Origins of Vigil Days
In the first few centuries of the Church, there were fewer feast days than there are today, and all or almost all of them were preceded by night-long vigils (in Latin, vigiliae). By at least the fifth century, as the number of feasts multiplied, new feasts began to be instituted without night-vigils, but the ancient, traditional night-vigils continued to be kept. Indeed, they were kept strictly: canon 98 of the Fourth Council of Carthage of 398 prescribed that clerics who were absent from vigils should lose their stipends.4
These night-vigils, which were penitential in character, included prayers, readings, and the Mass. As St. Jerome tells us in the fifth century, the Church kept these times of watching and waiting in conscious imitation of Our Lord’s Agony in the Garden, of his other nights spent in prayer (cf. Luke 6:12), of the Apostles’ night-vigil in prison (cf. Acts 16:25-38), and of other apostolic vigil-keepings (cf. Colossians 4:2, 2 Corinthians 11:27).5
During these night-vigils the faithful fasted. In the ninth century, for example, Pope Nicholas I (d.867) writes in his letter to the Bulgarians6 that fasts are to be kept at the vigils of all the important feasts. In particular, he mentions fasts on the eves of Christmas and the Assumption, saying that the Roman Church had kept them since ancient times. Similarly, a decree of Theophilus of Alexandria (d.412) makes it clear that the Epiphany was preceded by a fasting day;7 and the Verona Sacramentary (with material dating before the seventh century) mentions fasting on the eve of Pentecost.
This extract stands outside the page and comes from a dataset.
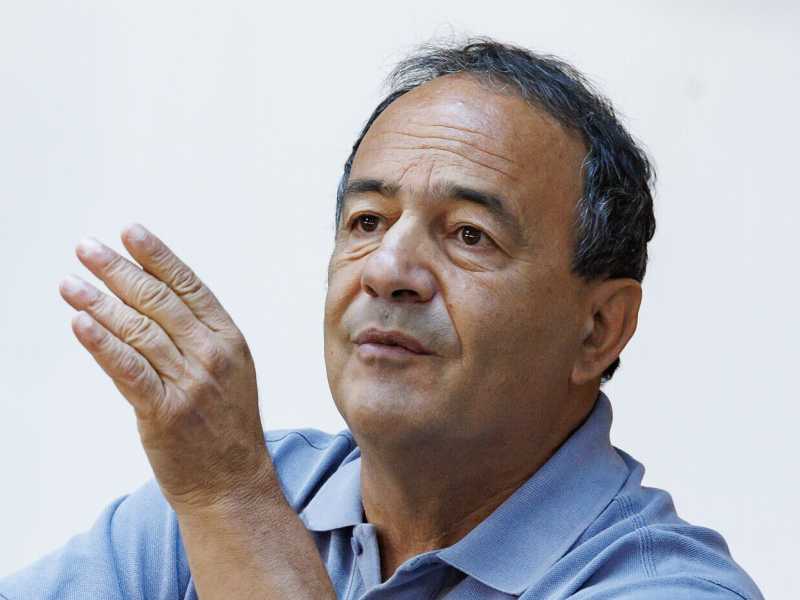 Mimmo Lucano: "Voterò No ma con tormento. Contro di me giudici corrotti"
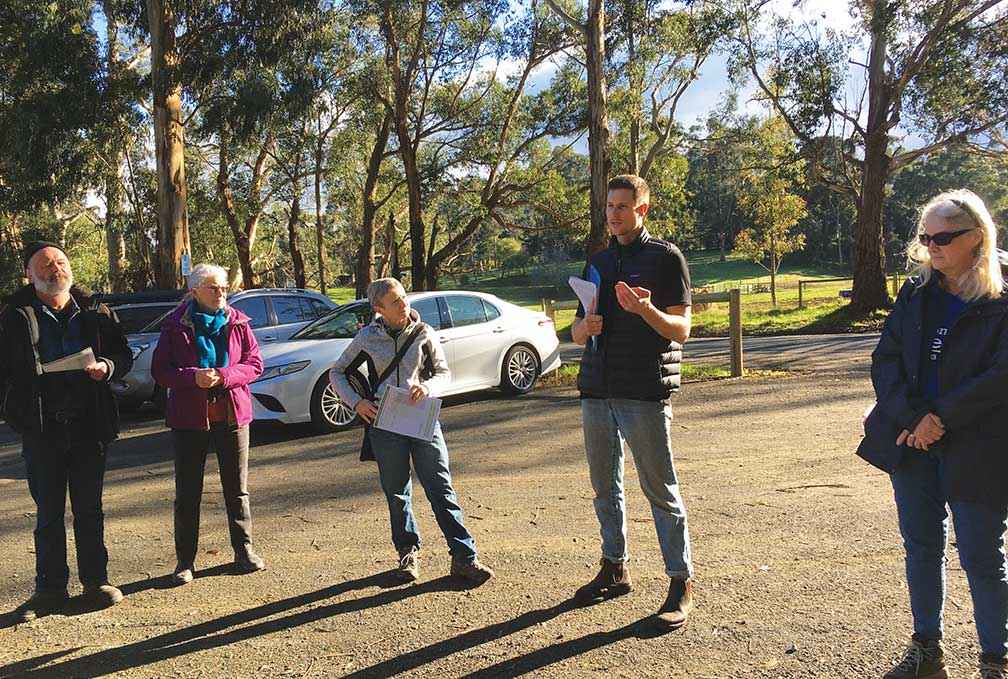ClimateWatch Program Coordinator Luke Richards talks to community groups at Parks Victoria’s Haining Farm, Yarra Valley, at the launch of their ClimateWatch trail in 2021.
After keeping a fasting night-vigil, the faithful would wait near the church until the time came for the morning’s festal celebrations, which would begin at first light.8 Unfortunately, in the period between the end of the vigil fast and the festal celebrations, it often happened that a few of the faithful behaved disgracefully.9 For this reason, night-vigils came to be deprecated. Bishops, such as those at the Synod of Rouen of 1231,10 dispensed the faithful’s obligation to keep such vigils, allowing them to meet all their obligations by merely fasting during the day prior to the feast. These compensatory day-time fasts came to be called ieiunia dispensationis, “fasts of dispensation.”11 As Durandus, writing in the 13th century, explains, these day-long periods of fasting also came to be known by metonymy as vigiliae, i.e., Vigil Days. Durandus says that in his day fasts were obligatory on the Vigil Days of the feasts of the Apostles (except those within Easter and Pentecost), and on the feasts of the Nativity of Our Lord, St. John the Baptist, All Saints, the Assumption, and St. Lawrence.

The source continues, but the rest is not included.